[Your assignment] Transcribe only the part of the material below that begins at the line containing "a bowl of tender" and ends at the line containing "uma piscina com", with both kept and images left out.

[Provided records]

# # # # # # #

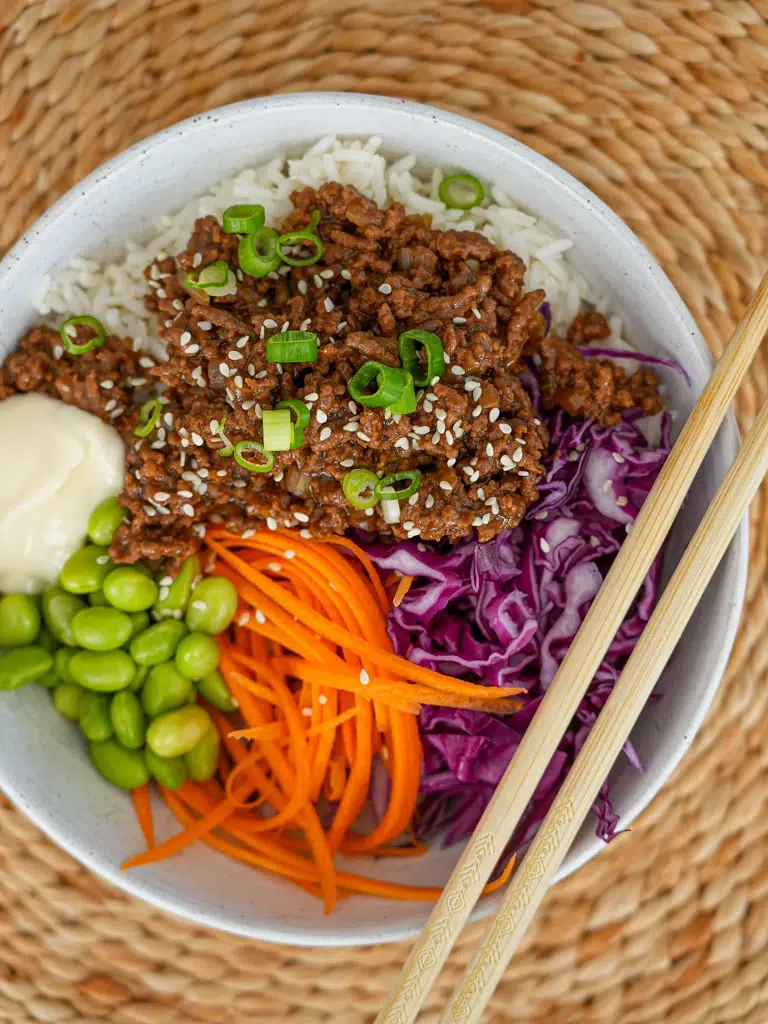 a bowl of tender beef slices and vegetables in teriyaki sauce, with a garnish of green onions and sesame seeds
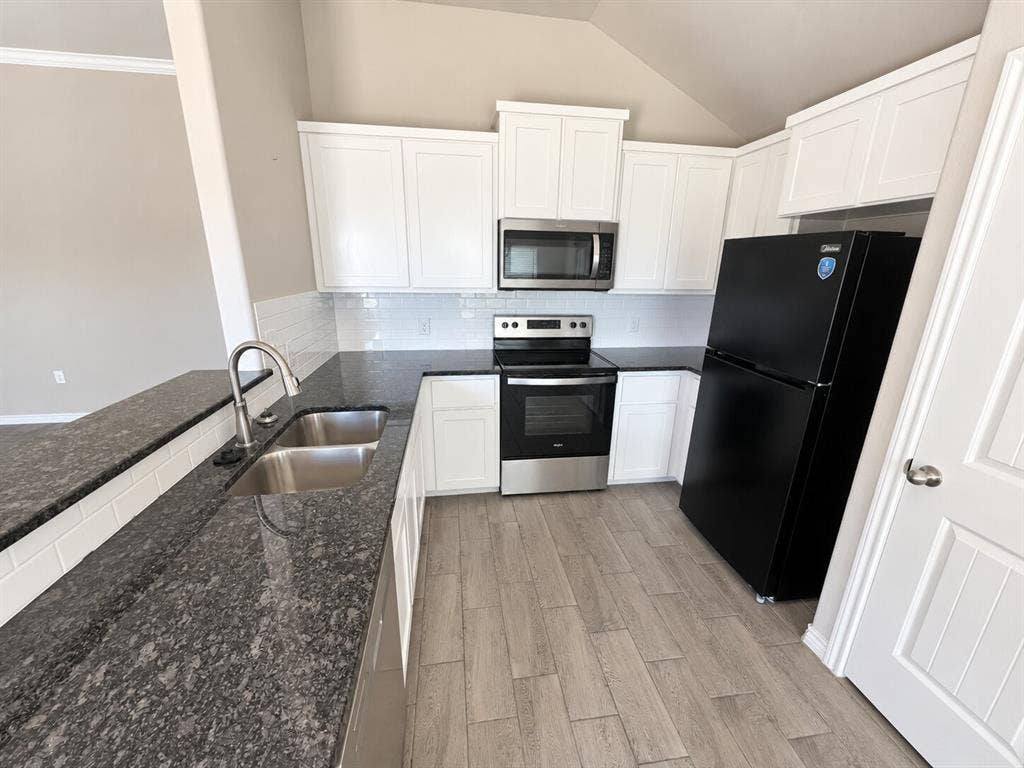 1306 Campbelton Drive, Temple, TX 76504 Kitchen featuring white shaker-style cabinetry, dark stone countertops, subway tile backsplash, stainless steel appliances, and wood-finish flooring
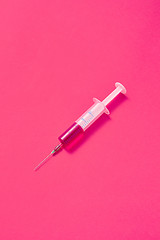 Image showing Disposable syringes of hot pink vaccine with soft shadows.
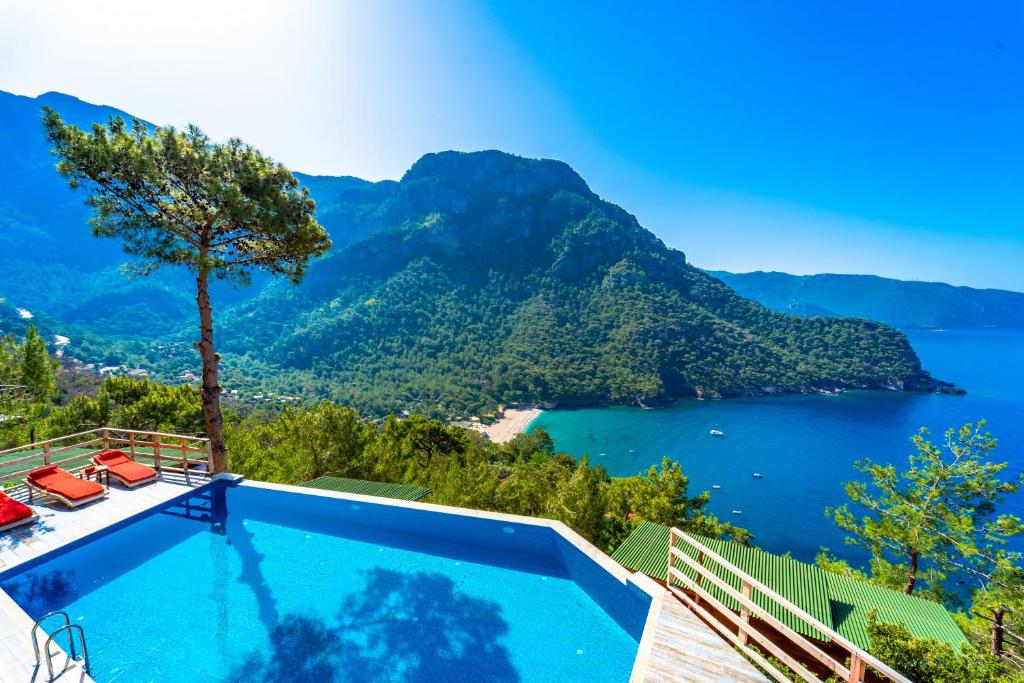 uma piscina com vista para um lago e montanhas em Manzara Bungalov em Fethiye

# # # # # # #

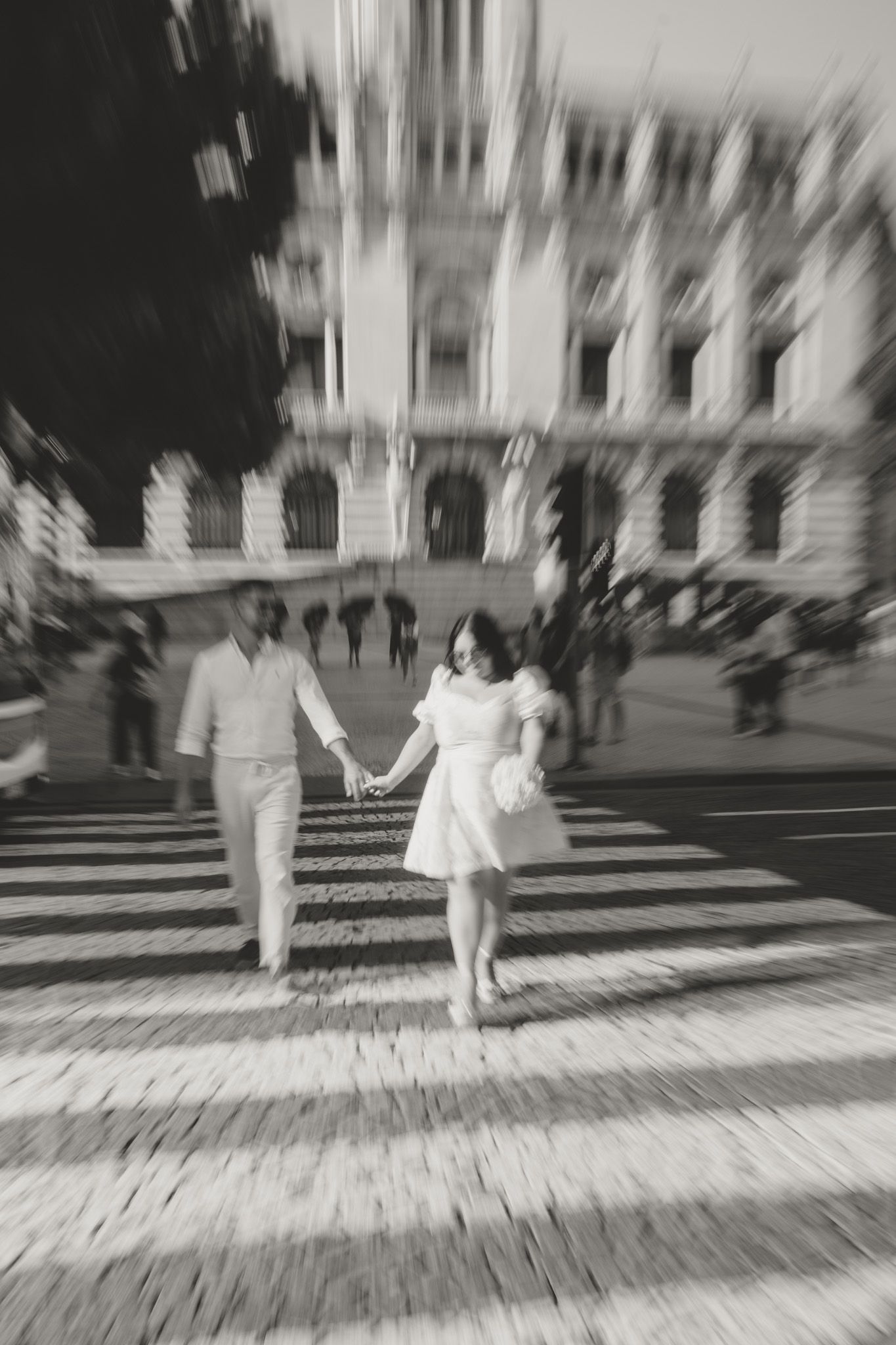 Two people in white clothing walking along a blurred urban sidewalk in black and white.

# # # # # # #

[Reply]
 a bowl of tender beef slices and vegetables in teriyaki sauce, with a garnish of green onions and sesame seeds
 1306 Campbelton Drive, Temple, TX 76504 Kitchen featuring white shaker-style cabinetry, dark stone countertops, subway tile backsplash, stainless steel appliances, and wood-finish flooring
 Image showing Disposable syringes of hot pink vaccine with soft shadows.
 uma piscina com vista para um lago e montanhas em Manzara Bungalov em Fethiye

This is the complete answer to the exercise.